Позднее, когда глубже обозначилась черта между замкнутым в нелюбимом теле «я» и недоступно-прекрасным миром – страх вообще вылился в почти физическое ощущение неизбежной и невероятно-близкой (не во времени, а по степени осознанности) смерти. Ночью пробуждение от как бы толчка: умру.

Даже не «умру», а «перестану быть». К «умру» есть любопытство – к «перестану быть» только страх. Это ощущение неврастенически обострялось с годами по мере того, как жизнь становилась выпуклее, ярче, во мере того, как чувство «я» росло – ревнивое и мучительное. Хотелось крикнуть: «Вот я» всем, кто сквозь меня видел стенку или другого, всем, кто любил как бы мимо меня. Хотелось криком этим остановить не только жизнь – равнодушно уходящую, но и бегущую на меня (как поезд на экране) смерть.

В те годы, лучшие, молодости, постепенно засыпала радость от сознания своей общности с миром.

Были попытки любви, т. е. повторение неповторимого, забвение незабвенного. Теперь отрицаю ее (сознанием, волей). Если было и кончилось, если кончилось и повторилось – значит, не нужно.

В любви (почти всегда платонической, похожей на экзальтированнную дружбу, в очень юные годы, не разбирающей пола) мучительно хотелось и подчинения (взгляду, слову, как бы ритму другого), и утверждения – этим другим – моего «я». Но «другой» оставался непроницаем, а в самом лучшем случае (то, что собственно «счастливая») был наполовину покрыт для меня (как и для него) тенью нашего отношения, нами созданного третьего существа, капризного и настойчивого, мешающего проникновению и ясности. Любви не было, а в теле, в мире чувствовалась какая-то любовная насыщенность, вдохновенная напряженность – пустота на кончиках пальцев, которые не могут прикоснуться…

Было еще одно магическое и мучительное – красота. Но чувство, которое она вызывала, как бы не соответствовало понятию о ней. Красота для меня повод к беспокойству, движению, даже разрушению. Люблю цветы, срезанные, в вазе («природы» почти не замечаю).

Но не могу на них долго смотреть.

Нестерпимое желание переставить вазу, повернуть головку на стебле. Потом – почти неудержимо – смять, сломать, разбить…
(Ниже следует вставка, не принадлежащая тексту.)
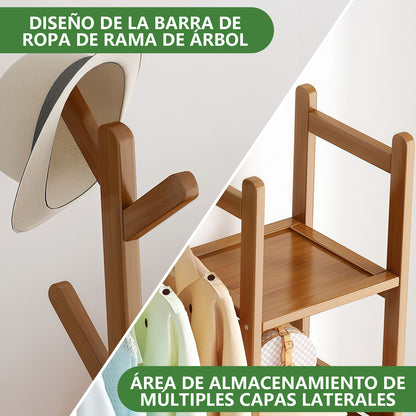 Estante Organizador de Ropa y Accesorios de Bambú Natural con Cajones y Estantes Laterales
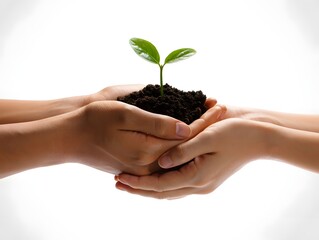 Hands holding a plant seedling in soil, symbolizing growth, care, and environmentalism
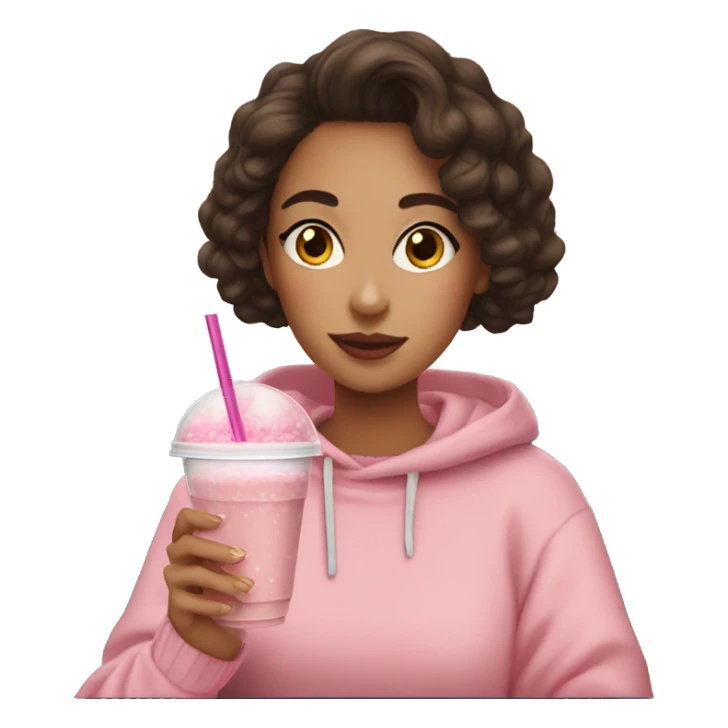 Brunette girl in a pink sweater drinking bubble tea sticker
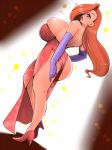 amano_taiki ass back backless_dress bare_back big_ass big_breasts breasts bursting_breasts curvy dress elbow_gloves gloves hair_over_one_eye high_heels huge_ass huge_breasts jessica_rabbit long_hair open-back_dress open_mouth orange_hair otocinclus pelvic_curtain purple_eyes red_hair shi_osuta_ooyake shoes side_slit skindentation solo spotlight thick_thighs thighs who_framed_roger_rabbit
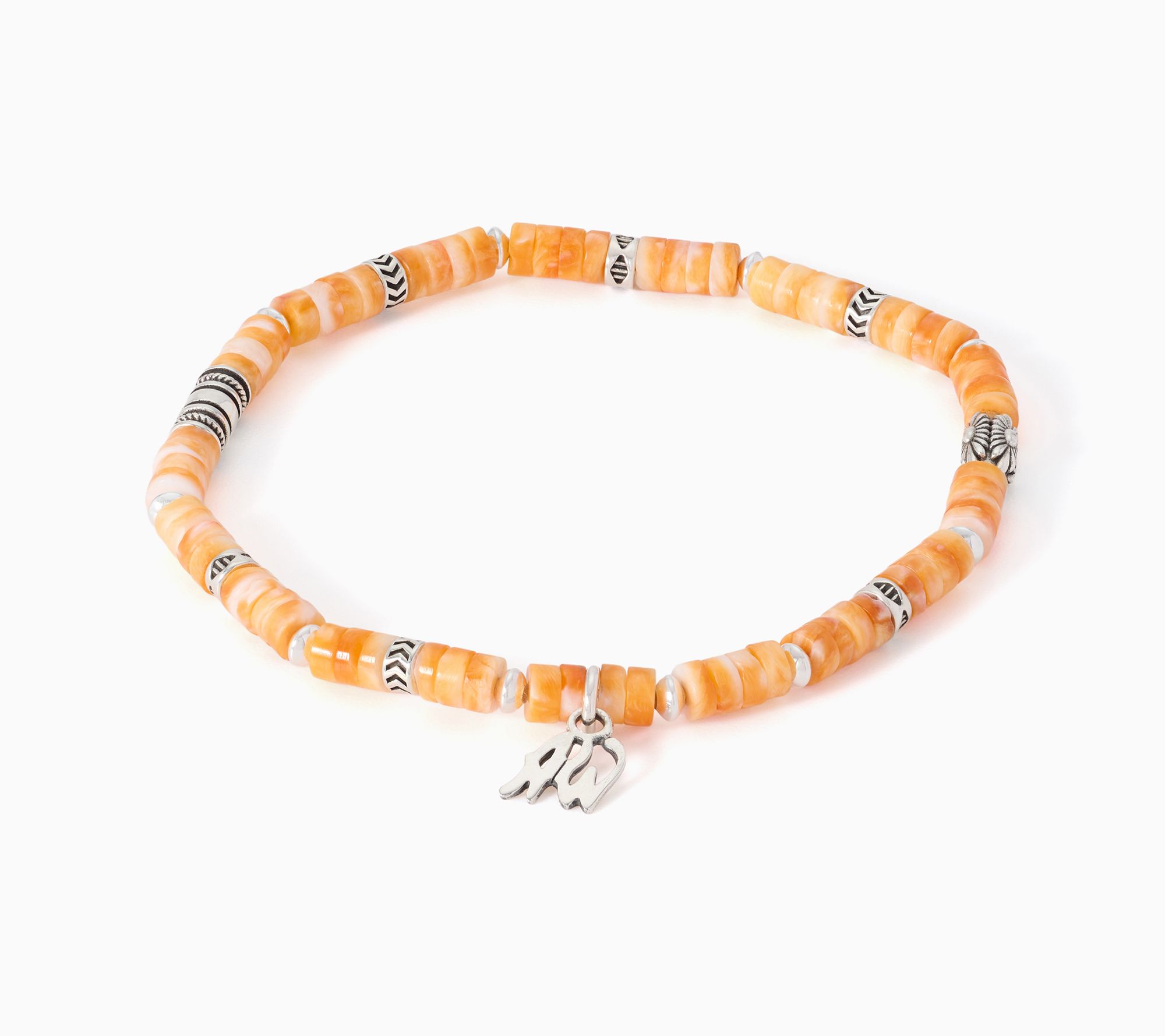 American West Sterling Heishi Gemstone Stretch Bracelet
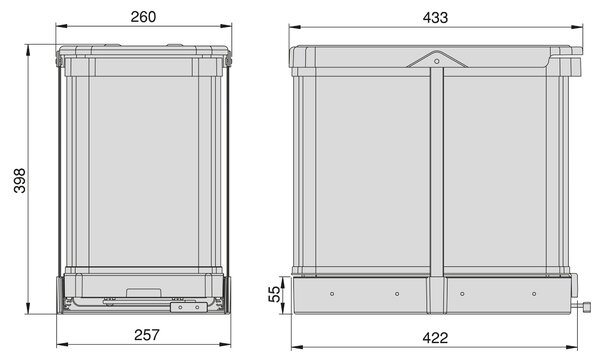Pattumiera da Cucina ad Estrazione 2x 12 L in Acciaio Emuca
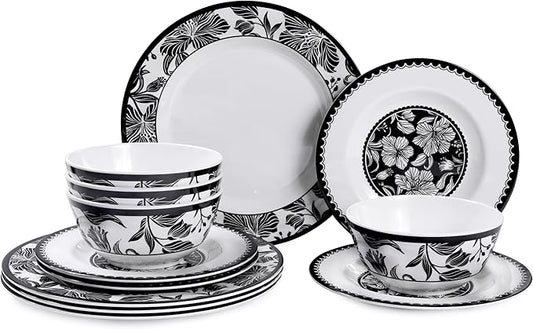 Melamine Dinnerware Sets 12pcs-Melamine Plates and Bowls Set Black Flower Lily Pattern Indoor Outdoor Use Unbreakable Dishwasher Safe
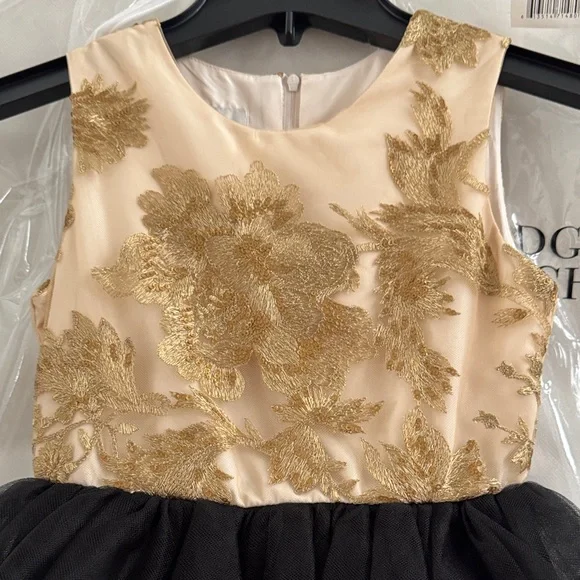 Badgley Mischka Black and Gold Formal Kids Dress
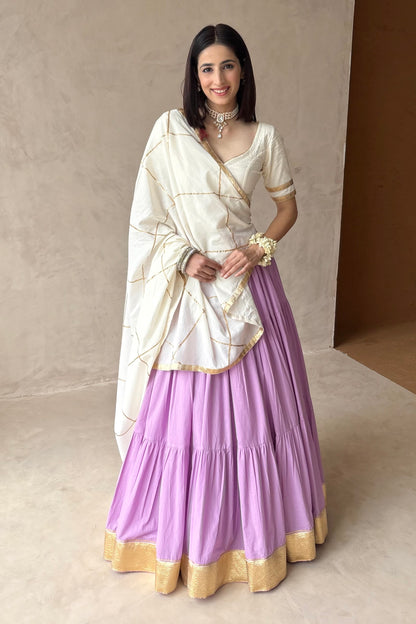 Lavender & off white Lehenga set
В красоте нет успокоения, нет полноты – значит не нужно. Постепенно из этих двух линий (где-то скрещивающихся и расходящихся вновь) – неудовлетворенности в легкой любви и созерцании все-таки прекрасно-созданного мира родилась потребность к движению, необходимость как бы думать вслух. Внешний – жуткий и красивый мир превратился в ритмичное звучание – настойчивое и монотонное… «Так начинают жить стихом»… Казалось, что сокровенная мысль, подхваченная такой ритмической волной (стихи) – разрешение загадки одиночества.